How to get every instruction num from nv-nsight-cu-cli command-line

Hi,
How to get the every instruction(such as FFMA, XMAD) number from nv-nsight-cu-cli like nv-nsight-cu

Thanks

There is no good way to get this data from the CLI yet using standard output methods. You can, however, write a new python rule that extracts the information for each profiled kernel, and then forwards it to your output method of choice.
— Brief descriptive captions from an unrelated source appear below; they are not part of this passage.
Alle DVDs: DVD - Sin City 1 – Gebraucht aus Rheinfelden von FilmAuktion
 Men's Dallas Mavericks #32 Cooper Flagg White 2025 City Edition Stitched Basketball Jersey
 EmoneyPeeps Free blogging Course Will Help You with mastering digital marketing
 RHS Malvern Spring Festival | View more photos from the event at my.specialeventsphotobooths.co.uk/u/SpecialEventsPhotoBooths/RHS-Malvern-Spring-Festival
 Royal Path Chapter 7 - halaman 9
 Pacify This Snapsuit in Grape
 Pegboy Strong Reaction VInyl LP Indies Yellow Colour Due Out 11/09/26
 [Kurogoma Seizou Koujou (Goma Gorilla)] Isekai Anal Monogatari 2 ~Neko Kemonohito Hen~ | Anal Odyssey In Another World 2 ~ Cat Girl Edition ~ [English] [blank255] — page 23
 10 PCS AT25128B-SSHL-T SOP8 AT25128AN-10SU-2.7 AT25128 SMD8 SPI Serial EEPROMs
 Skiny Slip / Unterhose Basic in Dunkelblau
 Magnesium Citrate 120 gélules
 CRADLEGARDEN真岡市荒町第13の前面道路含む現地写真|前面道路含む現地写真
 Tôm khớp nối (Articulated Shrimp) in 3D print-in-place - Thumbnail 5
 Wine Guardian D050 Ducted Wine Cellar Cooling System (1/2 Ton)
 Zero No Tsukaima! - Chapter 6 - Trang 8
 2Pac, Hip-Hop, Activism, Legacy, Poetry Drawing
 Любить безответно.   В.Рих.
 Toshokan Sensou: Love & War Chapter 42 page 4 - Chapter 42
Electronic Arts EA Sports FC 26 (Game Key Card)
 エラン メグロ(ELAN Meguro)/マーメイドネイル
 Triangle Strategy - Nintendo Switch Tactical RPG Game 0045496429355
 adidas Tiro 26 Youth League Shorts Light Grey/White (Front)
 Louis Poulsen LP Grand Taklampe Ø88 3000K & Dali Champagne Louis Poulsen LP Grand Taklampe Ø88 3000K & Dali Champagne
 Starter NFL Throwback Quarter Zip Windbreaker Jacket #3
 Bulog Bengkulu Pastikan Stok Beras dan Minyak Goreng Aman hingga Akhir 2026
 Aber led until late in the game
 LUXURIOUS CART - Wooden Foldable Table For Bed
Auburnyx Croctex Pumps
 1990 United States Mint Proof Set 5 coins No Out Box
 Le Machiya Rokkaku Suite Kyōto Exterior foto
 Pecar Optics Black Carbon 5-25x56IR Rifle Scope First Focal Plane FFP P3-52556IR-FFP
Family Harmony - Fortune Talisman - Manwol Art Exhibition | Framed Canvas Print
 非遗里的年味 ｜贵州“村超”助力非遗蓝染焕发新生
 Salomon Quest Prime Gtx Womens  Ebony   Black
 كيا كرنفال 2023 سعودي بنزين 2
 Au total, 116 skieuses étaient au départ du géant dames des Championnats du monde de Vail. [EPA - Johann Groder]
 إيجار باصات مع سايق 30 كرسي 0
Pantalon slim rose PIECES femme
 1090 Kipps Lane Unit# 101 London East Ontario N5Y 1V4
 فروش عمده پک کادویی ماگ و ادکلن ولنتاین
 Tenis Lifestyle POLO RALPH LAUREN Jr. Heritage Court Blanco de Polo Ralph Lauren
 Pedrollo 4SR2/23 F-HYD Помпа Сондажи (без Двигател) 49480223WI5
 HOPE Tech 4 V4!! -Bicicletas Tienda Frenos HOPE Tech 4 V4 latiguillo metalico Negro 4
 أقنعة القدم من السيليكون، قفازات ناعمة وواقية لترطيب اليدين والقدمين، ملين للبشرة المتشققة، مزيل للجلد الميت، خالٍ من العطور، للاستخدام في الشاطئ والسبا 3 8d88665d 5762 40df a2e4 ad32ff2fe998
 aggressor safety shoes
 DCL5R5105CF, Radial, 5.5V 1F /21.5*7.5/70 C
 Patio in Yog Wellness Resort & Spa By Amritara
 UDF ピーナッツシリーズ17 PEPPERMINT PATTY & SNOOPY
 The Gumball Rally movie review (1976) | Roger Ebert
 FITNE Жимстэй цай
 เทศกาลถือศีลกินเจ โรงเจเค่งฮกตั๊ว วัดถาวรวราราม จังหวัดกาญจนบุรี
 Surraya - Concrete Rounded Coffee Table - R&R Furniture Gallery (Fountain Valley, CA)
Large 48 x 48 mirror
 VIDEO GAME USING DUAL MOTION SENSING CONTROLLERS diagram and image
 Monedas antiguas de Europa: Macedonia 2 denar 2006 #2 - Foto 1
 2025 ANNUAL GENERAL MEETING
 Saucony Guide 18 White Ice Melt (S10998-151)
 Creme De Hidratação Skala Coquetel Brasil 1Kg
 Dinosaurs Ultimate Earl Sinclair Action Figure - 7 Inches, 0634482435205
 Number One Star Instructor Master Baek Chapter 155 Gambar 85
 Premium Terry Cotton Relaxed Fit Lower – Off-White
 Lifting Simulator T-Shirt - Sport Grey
In my example, I simply print it to stdout.

Create a new file called InstPrintout.py in your Nsight Compute 2019.5 installation’s section directory with the following content:

import NvRules

def get_identifier():
    return "InstPrintout"

def get_name():
    return "Instructions Per Opcode"

def get_description():
    return "Print executed instructions per opcode"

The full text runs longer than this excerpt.